Forest plots of meta-analysis on the possible association of the Ser205Leu polymorphism of the p75NTR gene with MDD by Leu/Leu, Ser/Leu vs Ser/Ser model.

Full size image

The PolyPhen program (http://genetics.bwh.harvard.edu/pph/), an automatic tool for prediction of possible impact of an amino-acid substitution on the structure and function of a protein, predicted ‘possibly damaging’ effect of the Ser205Leu. This polymorphic site may also be important in terms of glycosylation. p75NTR is a highly glycosylated protein. Using NetOglyc 3.1 program (http://www.cbs.dtu.dk/services/NetOGlyc/),12 which predicts mucin type O-glycosylation sites, the Ser205 had a score of 0.616 indicating that it is a putative O-glycosylation site. These results suggest that the Ser205Leu polymorphism could modify roles in ligand binding and signaling,13 although actual effects of this polymorphism are yet to be elucidated by cell biological approaches.
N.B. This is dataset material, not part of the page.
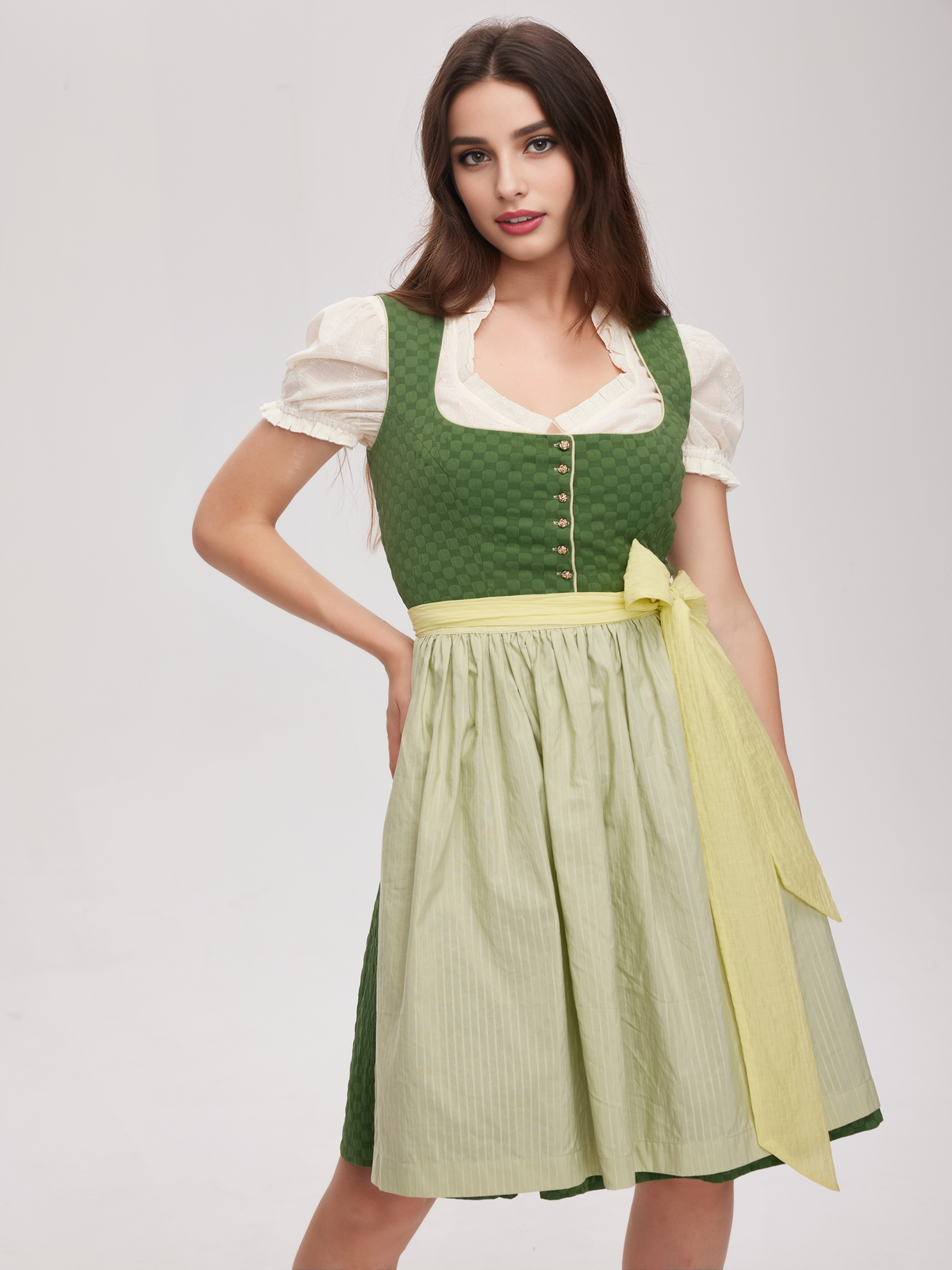 Grüne Dirndlbluse mit floraler Stickerei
In conclusion, the present study replicated the association between the Ser205Leu polymorphism of the p75NTR gene and MDD in our previous study, suggesting that the Leu205 allele has a protective effect against the development of MDD. Further stratified analysis by sex suggested that the effect might be limited to females. Future reproductive studies to overcome the limitation by using larger sample size and cellular approaches to elucidate the effect of this polymorphism on gene functions are warranted.